SUPPLIED DATA:
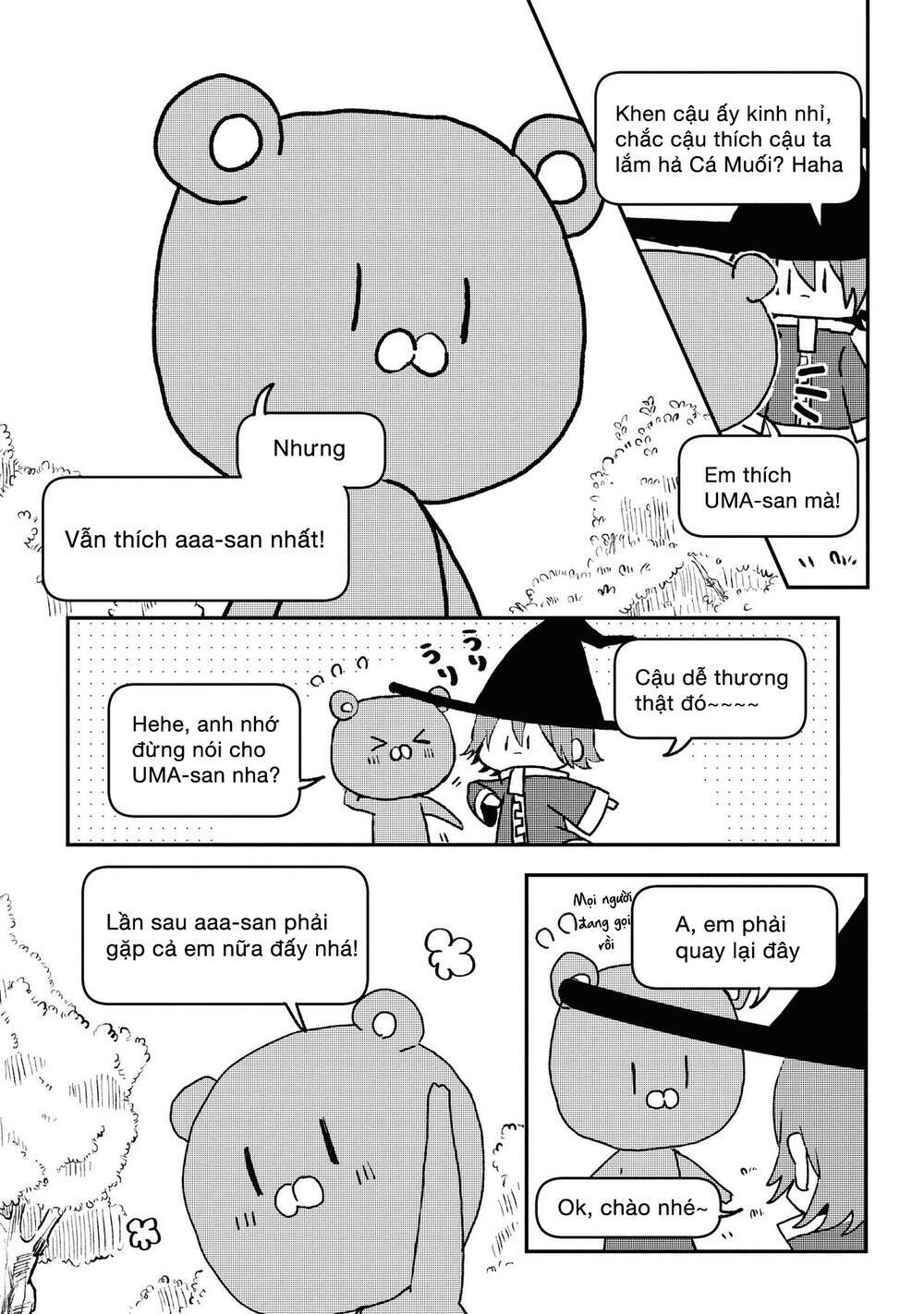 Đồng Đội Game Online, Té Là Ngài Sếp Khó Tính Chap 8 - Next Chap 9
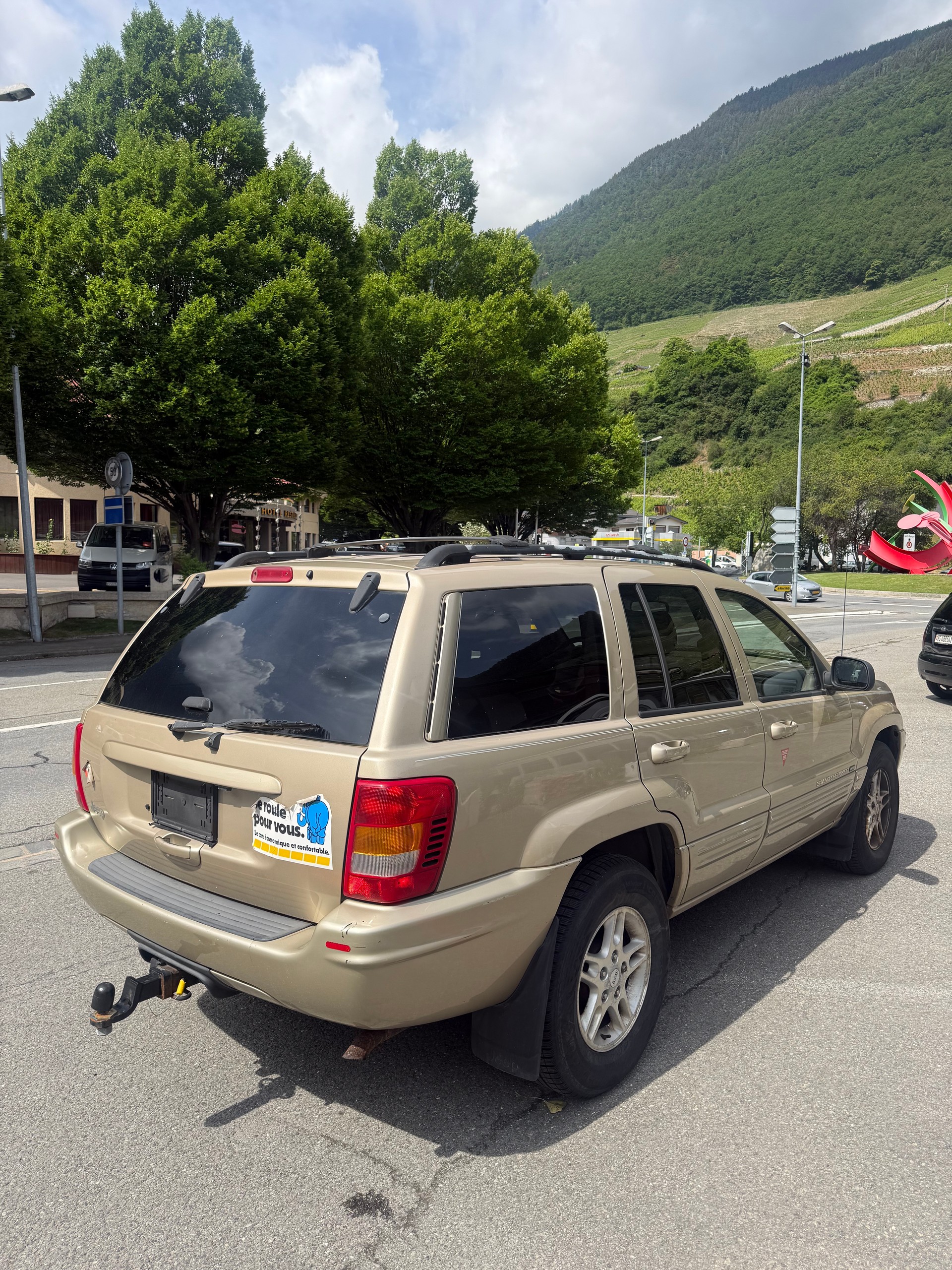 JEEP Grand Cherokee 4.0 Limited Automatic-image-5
==
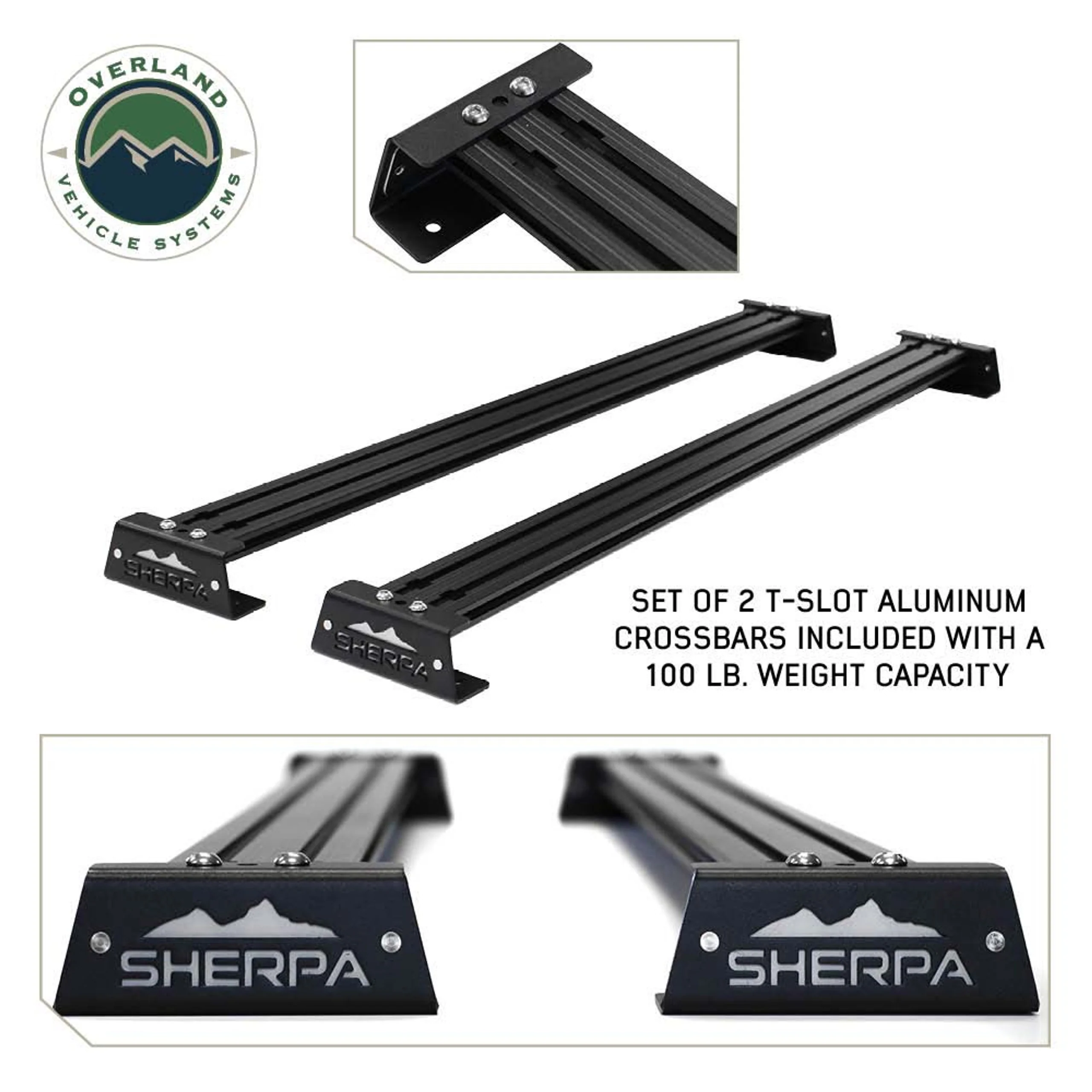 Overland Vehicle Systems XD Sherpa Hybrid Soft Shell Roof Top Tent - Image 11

DIRECTIONS FOR THIS TASK:
Copy nothing but the lines above that run from the one with "Đồng Đội Game" to the one with "JEEP Grand Cherokee", ends included; pictures stay out.

RESPONSE:
 Đồng Đội Game Online, Té Là Ngài Sếp Khó Tính Chap 8 - Next Chap 9
 JEEP Grand Cherokee 4.0 Limited Automatic-image-5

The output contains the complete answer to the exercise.